とはいえ、頬がうっすら紅くなってはいるのだが、気付く悟ではない。
「こういうのは主様のがいいんだけどね」
「おい、本音が漏れてるぞ」
「それが?」
何かおかしい?とばかりに首を傾げてくる。
悟はガックリしながらこれはこれでこいつらしいか、としておく。
余計な一言があったとはいえ、珍しく礼を言ってきたので気分はそう悪くは無い。
そんな事を考えてる内に一つ思い付く。
「そうだ。珍しく礼を言ってきた事だし、一つサービスだ」
「?」
疑わし気な目で見てくる狐川を無視して悟は指の先を噛み切る。
そして、何かを呟きながら指を狐川へと伸ばし、狐川の唇に塗り付けた。
直後、頬が殴り飛ばされる音が響いた。
「何すんだよ!?」
「そそそそそそ、それは此方の台詞よ!!女の唇にいきなり血を塗り付けるとか何考えてるわけ!?」
「保険だ、保険。また暴走しかけた時用のな。

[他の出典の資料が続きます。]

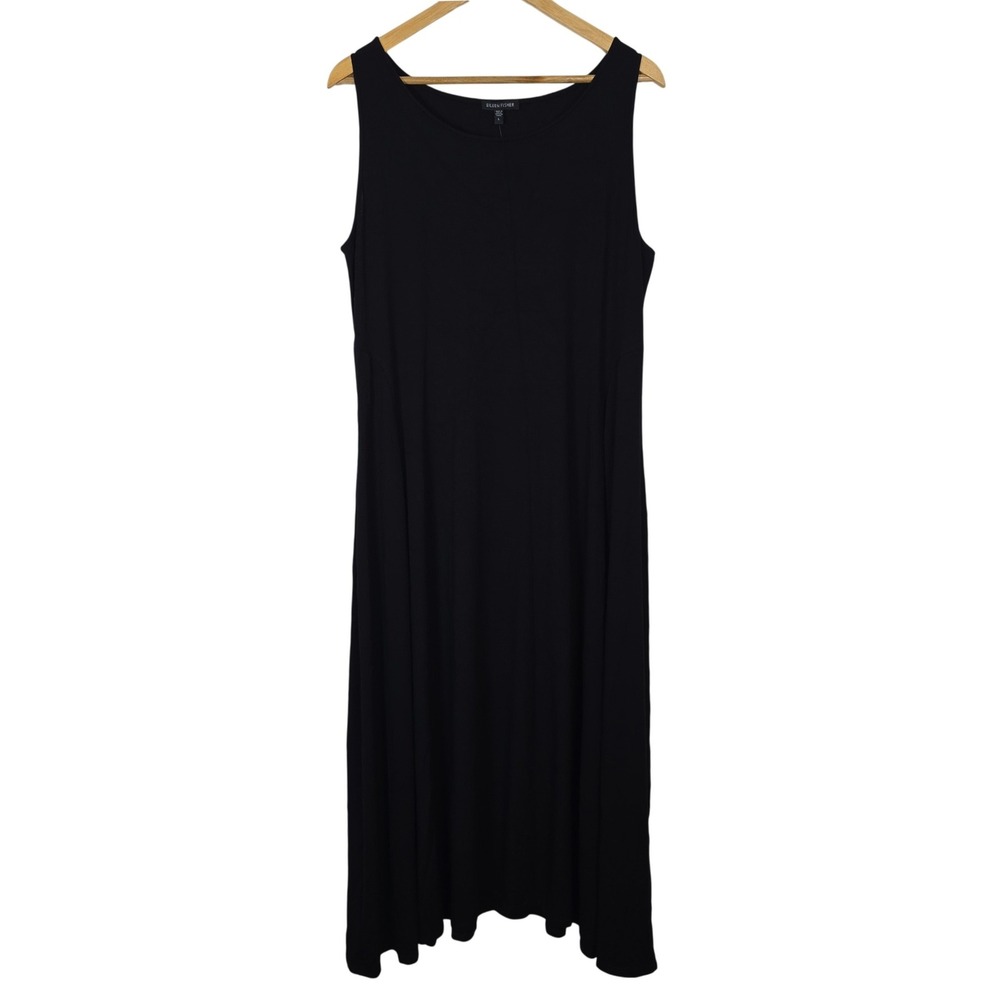 Eileen Fisher Black Viscose Jersey Scoop Neck Maxi Dress L NWT Stretch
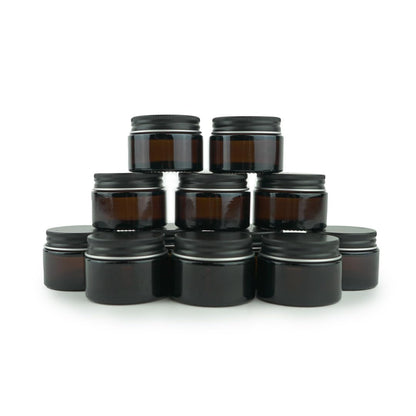 Nature Packaged Glass Amber 1oz Jar - 12 Packs, Lead-Free Empty Round Jars For Beauty Products, Lotion, and Powders - Black Lid - Small Candle Jars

妖術はそこまで得意じゃねぇが成功はしたから気にすんな」
「気にするわよ!?わざわざこういう方法でやらないでくれ……あれ?」
唇に付いた血を拭おうとして違和感に気付く。
普通はまだ残ってるはずの血が既に蒸発していたのだ。
怪訝に思いつつも妖術とやらで片付ける。
そんな時だった。
「「っ!?」」
何かが脈打つ感覚を二人同時に感じた。
双方驚いた様な顔をして互いを見る。
「これもあんた?」
「違う」
「じゃあ、何なのよ」
「俺に聞くな」
釈然としないが原因も正体も分からないのでは仕方がない。
やる事は終えたのだ。
「じゃ、精神同調は解除するからな」
その一言と共に世界は崩れた。
◆◆◆◆◆
二人が精神世界にいた時間は体感的には十数分だった。
しかし、実際は十数秒程であり、ほとんど額を付けた直後に戻ってきた様な物であった。
悟が瞳を開けると、目の前の狐川の姿は何時も通りの物に戻っていた。
「一応“精神同調”も使い道はあるか」
呟きながら額を離す。
その時、額と額の間に光の線の様な物が出ていたのだが気付いたのは紅葉だけだった。
その線はすぐに消え、紅葉もクスクス笑うだけで言う気が無いので二人は気付かない。
「痛ッ!?」
狐川も意識を取り戻すが直後に顔を歪めて倒れる。
さりげなく頭を床にぶつけない様にする悟だが、狐川はそれ所では無かった。
「無茶した代償ね。体がボロボロ過ぎて動かせやしない」
「自覚あるなら無茶は控えろよ」
「クスクス。悟が言えた事じゃ無いでしょ?」
「うるせぇ」
茶々を入れる紅葉に文句を言う。
そこでアルマが近付いてくる。
「マスター。此処はまだ危険です」
「分かってるわよ。でも、体が動かない事には仕方ないでしょ」
「ったく、しょうがねぇな」
「ちょ、どこ触ってんのよ!?」
文句を言うが抵抗出来ない事をいい事に悟は狐川を担ぎ上げ、アルマの背に乗せる。
アルマは微調整をする様に動いてから悟に頭を下げる。
「今度こそ任せたぞ」
「えぇ、分かっています」
言うとアルマは狐川を乗せて駆けて行った。
とはいえ、城塞から出る事は無いだろうが。
姿を消すのを見ると悟は座り込んで、凍結させて無理矢理骨を接合させた手足を見る。
明らかにその周辺が変色し、痛みを放っていた。
「こりゃさっさと対処しないと不味いな」
「クスクス。でも、手元に火が無いわよ?」
「あら?困ってる、悟?」
聞き覚えの無い女の声に悟は慌て警戒をしながら振り向く。
そこに立っていたのは外見的には十代後半の少女だった。
問題はその服装だ。
「陰陽師が何で此処にいやがる」
少女は陰陽師の式服の下を白いミニスカにして黒タイツを履いていた。
肩まで伸びる綺麗な黒髪を揺らし、笑顔を浮かべている。
その笑顔が不気味ではあった。
精神世界でした!!
不用意に英雄の力に手を出した代償って感じでした。
それでは、質問等があれば聞いてください。
感想待ってます。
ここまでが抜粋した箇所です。